A year later, Pederson has been front and center in the NLDS, serving as the Dodgers’ spark in the leadoff spot as they’ve built a 2-0 series lead over the Atlanta Braves.
Pederson followed his leadoff home run in Game 1 on Thursday — his franchise-record ninth in 2018 — with a leadoff double off Braves right-hander Anibal Sanchez in the Dodgers’ 3-0 Game 2 victory on Friday. He scored three batters later, when Manny Machado belted a two-out, two-run home run. Two games, two instant leads behind Pederson, who has no explanation for his success leading off games.
“Just try to get a good pitch and put a swing on it, man,” Pederson said. “I don’t know. Just try to keep it as simple as possible.”
Conventional leadoff hitters — the burners from yesteryear — have almost become obsolete in this stats-driven era. The 26-year-old Pederson is not that. But he also isn’t the on-base-machine clubs stick atop their lineups nowadays. He does not hit for a high batting average — this season’s .248 was a career-best — and he doesn’t walk at a high rate. The result: a .321 on-base percentage during the regular season, which dipped to .300 in his 59 starts as a leadoff man. The average on-base percentage across the majors was .318.
But the closest the Dodgers have to the new-age leadoff prototype is Justin Turner, who posted a .406 OBP this season, and the club has decided batting him second, where he has more chances to hit with runners on base, provides more value.
So when the Dodgers face a right-handed starting pitcher, the left-handed-hitting Pederson leads off. His weapon is his mammoth power and it is, for whatever reason, amplified in his first at-bat as a leadoff hitter. Pederson’s eight leadoff home runs during the regular season set the Dodgers’ club record. He added a ninth in Game 1 after falling behind 0-and-2 against All-Star right-hander Mike Foltynewicz. After the game, he was asked if he could explain the success. He was stumped.
“I hit before the game,” Pederson said. “So maybe I’m just a little fresher. I don’t know. So maybe I should start hitting before every at-bat. But yeah, no, I don’t know. I wish I had the answers and been able to do that in other at-bats as well.”
He settled for a double on Friday, just fair beyond Braves first baseman Freddie Freeman’s reach down the line. Dodger Stadium rocked. It exploded when Machado hooked a 3-and-0 cutter over the wall and handed Clayton Kershaw a two-run cushion.
“Getting the lead for one of the best pitchers in the game in the first inning definitely gives us a boost, gives us energy moving forward,” Machado said. “So we’re just excited that we got the lead early on and we’re able to feed off that.”
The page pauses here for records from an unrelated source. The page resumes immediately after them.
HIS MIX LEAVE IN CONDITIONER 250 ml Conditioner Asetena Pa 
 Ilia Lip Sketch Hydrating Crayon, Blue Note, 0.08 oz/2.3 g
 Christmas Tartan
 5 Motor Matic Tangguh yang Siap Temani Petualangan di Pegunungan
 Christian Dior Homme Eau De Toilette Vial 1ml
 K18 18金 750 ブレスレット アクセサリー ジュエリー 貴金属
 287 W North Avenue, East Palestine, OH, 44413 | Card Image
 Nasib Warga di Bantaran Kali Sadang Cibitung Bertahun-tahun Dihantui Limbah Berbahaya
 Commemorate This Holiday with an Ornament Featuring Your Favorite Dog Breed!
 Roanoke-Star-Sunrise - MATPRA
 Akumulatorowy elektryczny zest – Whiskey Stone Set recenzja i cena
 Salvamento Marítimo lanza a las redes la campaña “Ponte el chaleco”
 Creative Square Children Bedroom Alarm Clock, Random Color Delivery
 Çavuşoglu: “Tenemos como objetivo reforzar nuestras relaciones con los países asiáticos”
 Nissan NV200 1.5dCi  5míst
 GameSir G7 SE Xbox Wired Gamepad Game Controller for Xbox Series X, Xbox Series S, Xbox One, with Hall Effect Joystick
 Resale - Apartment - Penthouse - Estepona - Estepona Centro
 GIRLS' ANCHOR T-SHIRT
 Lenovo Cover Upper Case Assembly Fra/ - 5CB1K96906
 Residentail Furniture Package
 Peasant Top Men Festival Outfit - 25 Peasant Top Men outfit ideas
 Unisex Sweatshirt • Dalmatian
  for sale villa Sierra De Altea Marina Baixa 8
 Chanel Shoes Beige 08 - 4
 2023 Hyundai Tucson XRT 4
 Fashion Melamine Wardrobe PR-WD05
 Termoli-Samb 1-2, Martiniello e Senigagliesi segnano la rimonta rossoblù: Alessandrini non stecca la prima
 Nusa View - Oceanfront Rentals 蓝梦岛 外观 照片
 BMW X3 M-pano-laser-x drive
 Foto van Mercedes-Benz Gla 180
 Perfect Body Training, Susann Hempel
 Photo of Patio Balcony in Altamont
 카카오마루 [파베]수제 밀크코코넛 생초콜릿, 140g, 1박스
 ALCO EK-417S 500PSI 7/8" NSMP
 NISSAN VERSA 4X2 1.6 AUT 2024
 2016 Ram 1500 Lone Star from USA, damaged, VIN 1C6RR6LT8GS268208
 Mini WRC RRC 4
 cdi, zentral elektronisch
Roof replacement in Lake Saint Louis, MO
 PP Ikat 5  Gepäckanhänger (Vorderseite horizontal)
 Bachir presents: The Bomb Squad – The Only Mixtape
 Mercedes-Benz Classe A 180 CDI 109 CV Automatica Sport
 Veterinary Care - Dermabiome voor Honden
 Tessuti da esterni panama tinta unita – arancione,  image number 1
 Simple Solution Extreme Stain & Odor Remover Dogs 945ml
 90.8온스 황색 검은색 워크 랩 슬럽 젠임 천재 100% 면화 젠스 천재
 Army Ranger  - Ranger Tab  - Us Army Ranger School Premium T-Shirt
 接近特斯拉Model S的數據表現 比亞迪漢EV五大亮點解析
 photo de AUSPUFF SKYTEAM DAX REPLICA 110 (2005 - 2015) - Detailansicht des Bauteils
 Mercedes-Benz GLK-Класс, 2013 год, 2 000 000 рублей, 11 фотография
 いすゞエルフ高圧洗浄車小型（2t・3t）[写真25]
Pederson is 0 for 6 with a hit by pitch in his seven plate appearances beyond the first inning through the series’ first two games. Frustration boiled Friday, when he scorched a line drive right at second baseman Ozzie Albies to end the seventh inning. He flung his helmet a couple dozen feet.
But a year after watching the Dodgers sweep their way to the NLCS without him, Pederson has fueled the Dodgers’ offense from the jump, giving their pitching staff all it has needed to seize the first two games.